(Extracted data entries)

= = = =

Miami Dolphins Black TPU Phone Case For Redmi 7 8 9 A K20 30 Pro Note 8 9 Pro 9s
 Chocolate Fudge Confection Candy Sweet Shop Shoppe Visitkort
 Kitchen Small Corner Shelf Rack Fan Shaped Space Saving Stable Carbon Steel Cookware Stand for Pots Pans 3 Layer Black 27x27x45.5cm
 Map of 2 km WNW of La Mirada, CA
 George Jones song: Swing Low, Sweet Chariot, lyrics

= = = =

TASK DETAILS:
From the first record to the last, print each one exactly.

SOLUTION FOR THIS TASK:
Miami Dolphins Black TPU Phone Case For Redmi 7 8 9 A K20 30 Pro Note 8 9 Pro 9s
 Chocolate Fudge Confection Candy Sweet Shop Shoppe Visitkort
 Kitchen Small Corner Shelf Rack Fan Shaped Space Saving Stable Carbon Steel Cookware Stand for Pots Pans 3 Layer Black 27x27x45.5cm
 Map of 2 km WNW of La Mirada, CA
 George Jones song: Swing Low, Sweet Chariot, lyrics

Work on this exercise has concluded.